## TASK TO COMPLETE
For the data that follows, print the line with "Instant Pot Mixed", the line with "Flacon de médicaments", and all lines between them, exactly as they stand. Omit pictures and add nothing.

## PROVIDED MATERIAL
★ ★ ★ ★
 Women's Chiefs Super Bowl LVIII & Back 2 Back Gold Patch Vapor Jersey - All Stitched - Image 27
★ ★ ★ ★
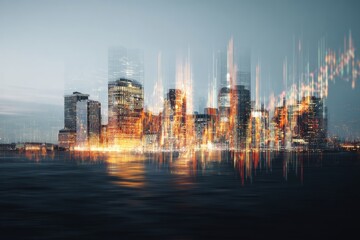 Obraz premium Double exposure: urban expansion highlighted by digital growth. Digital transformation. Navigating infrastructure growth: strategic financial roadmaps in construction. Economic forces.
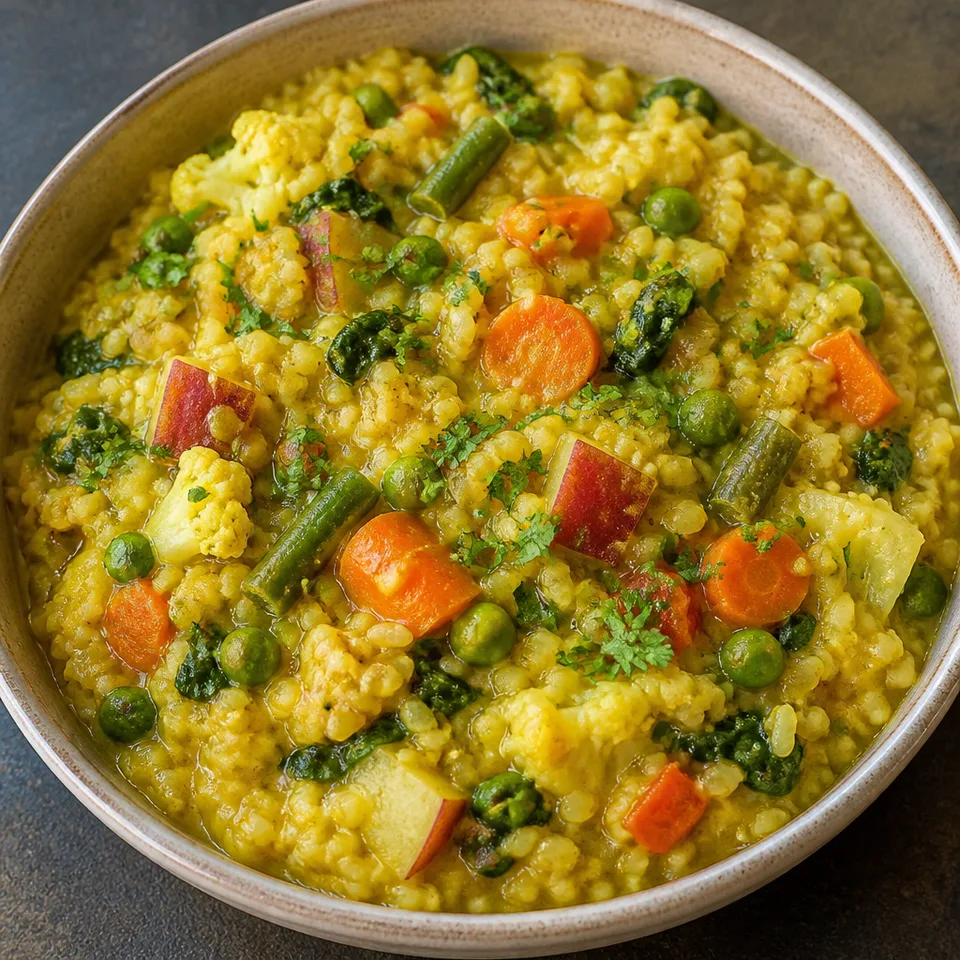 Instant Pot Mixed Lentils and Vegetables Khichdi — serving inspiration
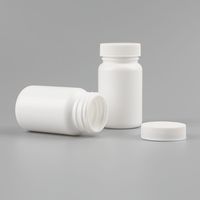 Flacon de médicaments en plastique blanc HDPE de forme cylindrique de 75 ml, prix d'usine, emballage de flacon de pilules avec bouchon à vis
★ ★ ★ ★
## EXERCISE OUTPUT
 Instant Pot Mixed Lentils and Vegetables Khichdi — serving inspiration
 Flacon de médicaments en plastique blanc HDPE de forme cylindrique de 75 ml, prix d'usine, emballage de flacon de pilules avec bouchon à vis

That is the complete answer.